One Night with a Billionaire - Page 63/102

“You still hope for the best. I know.” She felt that way with her nana. Every time she saw her, she went in hoping that this would be the time Nana would smile when she saw Kylie. Would feel real love and affection for her. Would view her as a grandchild and someone to love and not just an unhappy burden that cost money and a reminder of everything she’d lost. She knew how devastating it was to get your hopes up, only to have them dashed over and over again. “You can’t be blamed for having hope, Cade.” Her fingers brushed through his soft, soft hair. “You can be sad you want more for her than she wants for herself, but you can’t get angry that you hope she’ll change. The day we stop hoping is the day we stop caring, I think.”

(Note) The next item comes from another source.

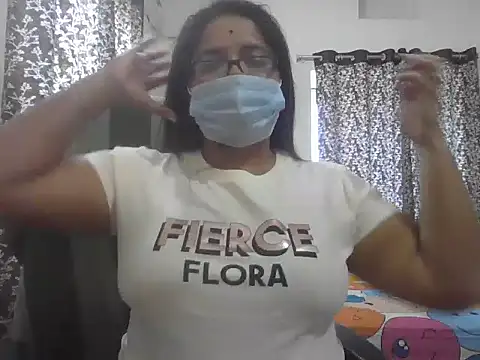 Snapshot of gyanvi1 chatting on 12, 11, 2025 gyanvi1 online show from 12, 11, 2025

He lifted his head from her shoulder and gazed into her eyes. “You sound as if you’re speaking from experience.”

“Maybe I am.” She tried to give a halfhearted little shrug. He didn’t need to know about her personal sob story. Not tonight. So it was time for a distraction. “Does this mean I can have my panties back now?”

His eyes gleamed with that wicked edge she’d seen in the janitor’s closet earlier that night. “Not a damn chance.”

FOURTEEN

Kylie existed in a state of anticipation as the limo pulled up to the same hotel as the one she’d escaped from this morning. She’d left him hanging midsex over twelve hours ago . . . and she suspected it wasn’t going to happen again.

And honestly? She wasn’t sure she wanted it to happen again.

Their interlude in the janitor’s closet had pretty much proven to her that all Cade needed to do was snap his fingers and her panties would practically melt off of her, legs springing open in eagerness for him. She wanted him more than anyone she’d ever dated in her life. It wasn’t just because the sex was great—and it was fabulous. It was that Cade made her feel . . . well, beautiful. He never looked at her with that strangely questioning look that the limo driver had given her. He never made her feel like she was the ugly one in the relationship. He always made her feel desirable and perfect at his side.

Of course, that was what made this off-and-on relationship with him difficult. Because the more she tried to push him away, the more she wanted. The more she craved.

His arms were still around her when the limo stopped, though they hadn’t spoken in several minutes. He was probably tired, she told herself. She knew she was. Her head hadn’t stopped throbbing all day, and she’d been drinking water by the gallon in an effort to wash away her hangover. The weight of her new wedding ring was still heavy on her finger, and she couldn’t resist twisting it occasionally, as if to remind herself that yes, it existed, and yes, she was married to Cade, however drunkenly spontaneous the ceremony had been.

She didn’t recall the wedding. Okay, there might have been flashes of memory that included flowers and a drive-through wedding chapel and Elvis, but that was about it. Overall, the canvas was a big blank. It probably was for him, too.

And she felt a twinge at realizing that he’d drunk-hooked-up with her twice now. It seemed like every hookup they had was buoyed by alcohol, except for the interlude in the closet from earlier. And that had been fueled by anger.

What did that mean for tonight?

Kylie kept the doubts in her head as the driver opened the limo door on her side. She got out and waited for Cade, her big purse clutched to her shoulder.

Cade got out a moment after her, and pressed a wad of cash into the driver’s hand. “Thank you, sir. We need you back here at . . .” He looked at Kylie. “What time does the tour bus pull out?”

“Ten.”

“All right. We need you back here at eight thirty,” he instructed the driver, then looked again at Kylie. “It’ll give you time to pack up your hotel room and still be on schedule to leave with the others.”

“Thank you,” she murmured, and was a little pleased when Cade’s arm went around her waist possessively. He began to steer her into the hotel.

They were silent as they went up to Cade’s suite, and she wondered which Cade he’d be in bed tonight—the ruthless man he was in the closet earlier? Or the laughing, smiling man he normally was?

But when the door shut behind them, he took Kylie’s purse from her arm and set it down on a nearby chair, then moved toward her and cupped her face.

And he began to kiss her. Softly. Sweetly. Tenderly.

It threw Kylie for a loop, and made her ache deep inside. Made her want things she couldn’t have.

“Please,” he murmured between kisses. “Let’s not argue over whether or not I get to hold you tonight. Let me just love you, Kylie. Let me touch you and lose myself in you. I need that tonight.”